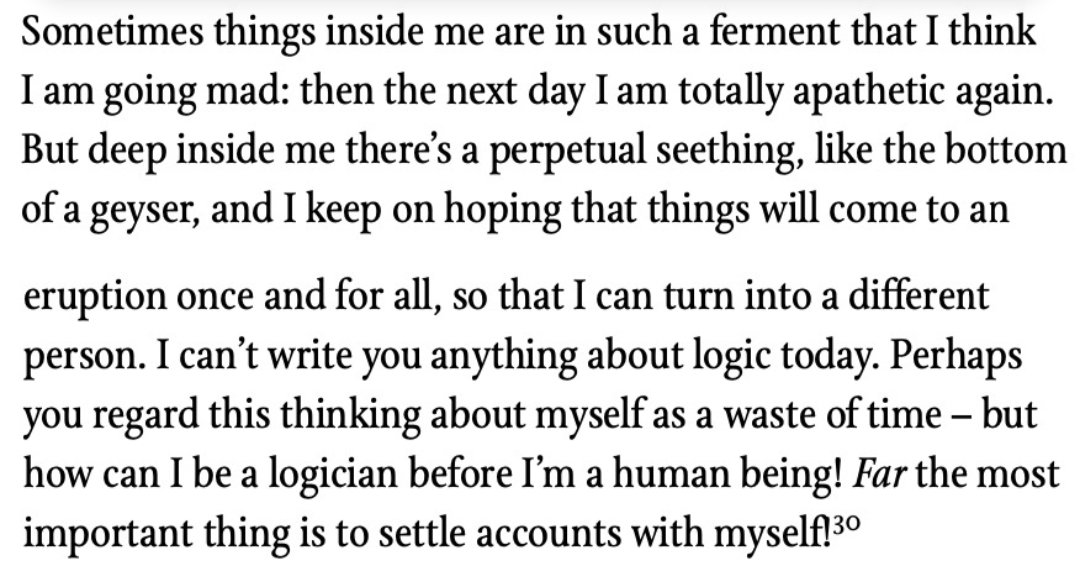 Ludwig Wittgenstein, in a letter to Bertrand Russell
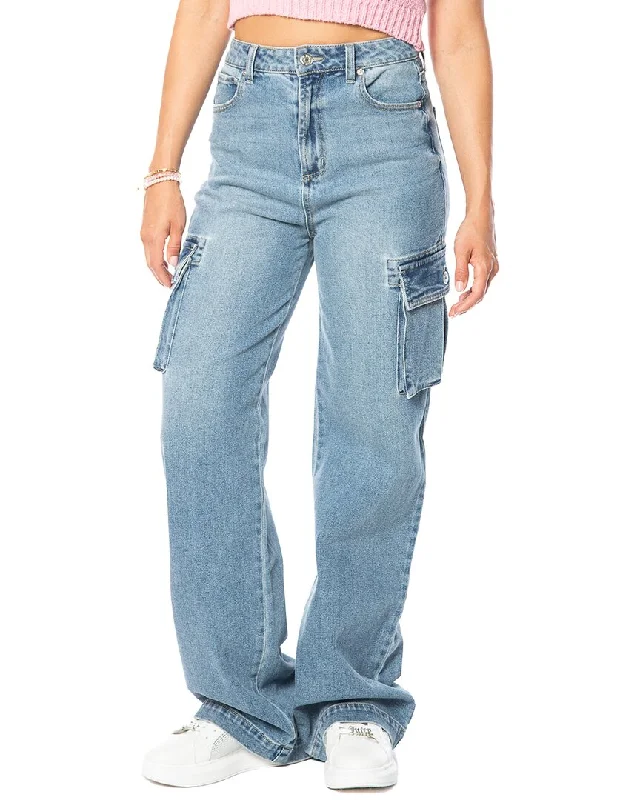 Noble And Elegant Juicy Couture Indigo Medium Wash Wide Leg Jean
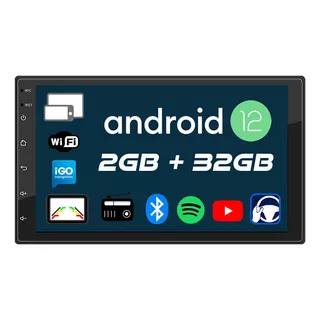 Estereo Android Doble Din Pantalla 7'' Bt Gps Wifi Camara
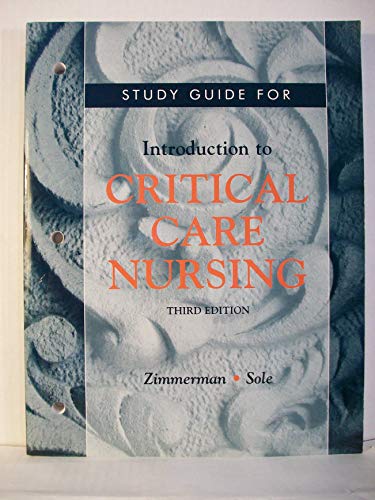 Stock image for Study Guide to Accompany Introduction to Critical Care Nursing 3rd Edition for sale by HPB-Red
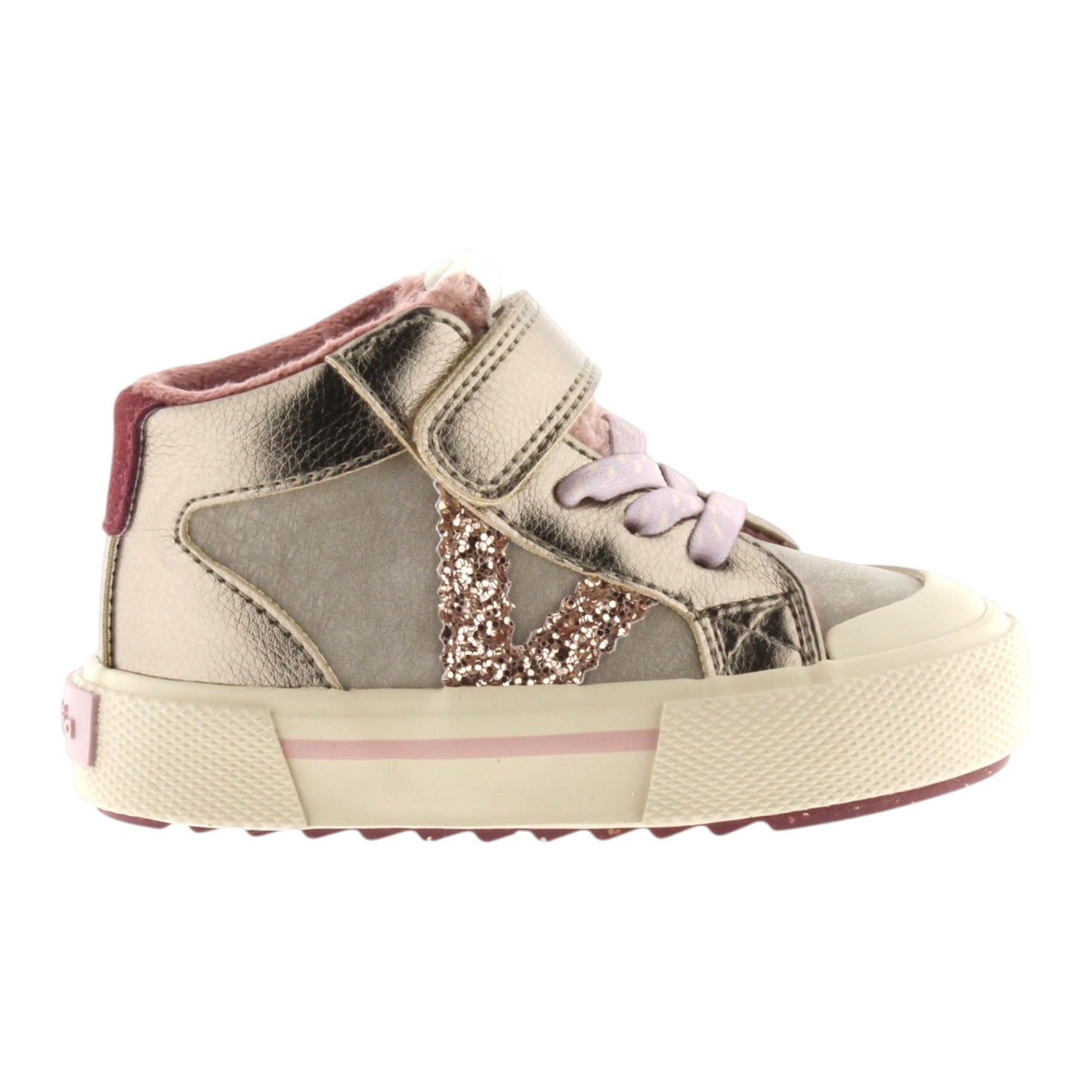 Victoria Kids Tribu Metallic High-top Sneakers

* * *

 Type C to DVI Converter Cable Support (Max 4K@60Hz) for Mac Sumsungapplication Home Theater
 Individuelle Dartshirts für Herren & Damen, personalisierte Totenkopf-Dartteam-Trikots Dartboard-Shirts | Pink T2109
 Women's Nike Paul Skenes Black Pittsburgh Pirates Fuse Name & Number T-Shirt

Directions
Return the lines above from the one with "Ludwig Wittgenstein, in" through the one with "Victoria Kids Tribu", verbatim and nothing else. Omit every picture.

Result of this exercise
 Ludwig Wittgenstein, in a letter to Bertrand Russell
 Noble And Elegant Juicy Couture Indigo Medium Wash Wide Leg Jean
 Estereo Android Doble Din Pantalla 7'' Bt Gps Wifi Camara
 Stock image for Study Guide to Accompany Introduction to Critical Care Nursing 3rd Edition for sale by HPB-Red
 Victoria Kids Tribu Metallic High-top Sneakers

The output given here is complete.